Children and the wise may be nourished by the same waters.
Ch. 10: “On the Difference Between
Poetry and Theology”: Holy Scripture (theology), under the form of
history,
designs to reveal to us the high mystery of the Incarnation. In
like
manner, poets in their works (poetry), under fictions of various gods,
reveal to us the causes of things, the effects of virtues and vices,
what
we ought to flee and what follows, to attain by virtuous actions the
end
(deferred in their case until the coming of Christ), our
salvation.
Hence, Saturn (Kronos in Greek) devouring his children is a cloak for
the
concept of the passing of time, etc. Their Elysian Fields and
City
of Dis correspond to our concepts of Heaven and Hell. Hence,
theology
and poetry agree in their method of treatment. In their subject
matter
they differ, for the subject of theology is divine truth, while that of
ancient poetry is the men and gods of the pagans. Theology
presupposes
nothing unless it be true; while poetry puts forth certain things as
true
that are surely false, misleading, and contrary to the Christian
religion.
Anything acquired by labor has more sweetness
than that which comes without effort. What is acquired by labor
is
retained better and pleases more than what is grasped quickly.
The
ancient chose fables to draw with their beauty those not easily
persuaded
even by philosophical demonstrations. The ancient poets were
people
of profound understanding.
Theology is the poetry of God, for God uses
poetic fictions (allegories) to refer to Christ as a lion, a lamb, a
serpent,
a dragon, a rock. Poetry here is theology, in the same way that
theology
is here poetry. Aristotle affirmed that poets were the first
theologians
(Metaphysics
3.4).
GENEALOGY OF THE GENTILE GODS
(De Genealogiis) [1366]:
Book 14. Ch. 7. “The
Definition
of Poetry, Its Origin, and Function.” Poetry is a fervid and
exquisite
invention, with fervid expression, in speech or writing, of that which
the mind has invented. Its originator is God. Few have
received
the gift of poetry. Poetry is sublime in its effects. It
impels
the soul to utterance. It brings forth strange creations of the
mind.
It arranges mediations in a fixed order. It adorns compositions
with
unusual words and thoughts. It veils truth in a fair and fitting
garment of fiction. It can arm kings to war. It can serve
to
praise great men (a Platonic echo). The poetic impulse, however,
needs the guidance of grammar and rhetoric, as well as knowledge of the
other liberal arts to possess a strong and abundant vocabulary.
One
must memorize the history, monuments, and geography of other nations
too.
One must also have peace of mind and desire for worldly glory, and be
of
the ardent age (young). Poetry is a practical art. It is
composed
“as under a veil” and thus is exquisitely wrought.

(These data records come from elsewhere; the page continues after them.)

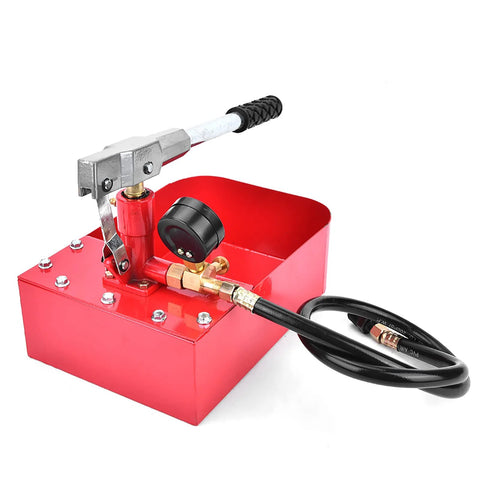 Manual hydraulic pressure test pump with red metal base, brass fittings, gauge, and black hose.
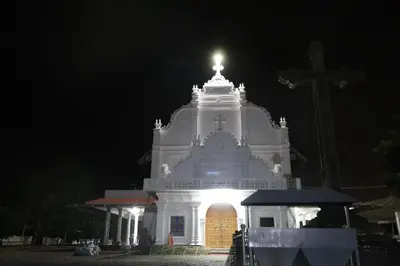 a large white building with a cross at night at Jippus Galaxy Budget Air port hotel in Cochin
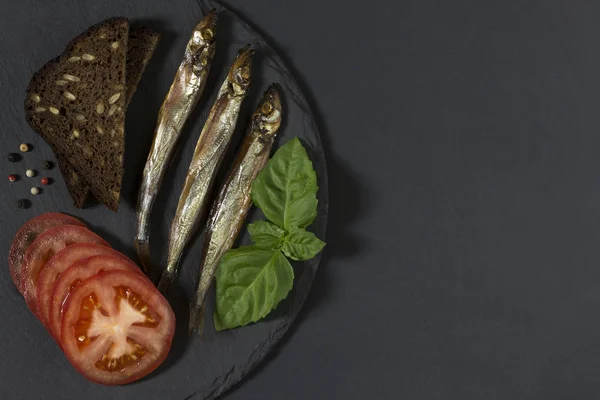 Siyah backgr üzerinde yuvarlak kayrak tabakta capelin balık soğuk füme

Ch. 9. “It Is Rather Useful than
Damnable
to Compose Stories.” The word “fable” (fabula) derives from for,
faris, “conversation” (confabulatio), “talking together”
(collocutio).
If it is a sin to compose stories, then it is a sin to converse.
Nature has not granted us the power of speech unless for purposes of
conversation
and the exchange of ideas. Fiction is a form of discourse, which
under the guise of invention illustrates or proves an idea, and as its
superficial aspect is removed, the meaning of the author is
clear.
There are four kinds of fictions: I. The first superficially lacks all
appearance of truth (as in Aesop’s fables, where brutes or inanimate
things
converse; but also Judges 9.8-15: the conference of the trees in order
to choose a king). II. The second kind at times superficially
mingles
fiction with truth, clothing in fiction divine and human matters alike
(as in Ovid’s Metamorphoses,
and also most of the Old Testament, which
is a pre-figuration of the New). III. The third kind is more like
history than fiction (as in Virgil’s Aeneid or Homer’s Iliad and Odyssey),
and in their heroic verse there lies a hidden meaning (Ulysses is bound
to the mast to escape the lure of the Sirens’ song [e.g., one must be
“restrained”
to avoid temptation]). Even in the comedies of Plautus and
Terence
there is a portrayal of the sundry varieties of human nature and some
sort
of teaching as to what to avoid (e.g., cupidity). Also, Christ
used
parables and exempla to teach. IV. The fourth kind contains no
truth,
either superficially or hidden (old wives’ tales).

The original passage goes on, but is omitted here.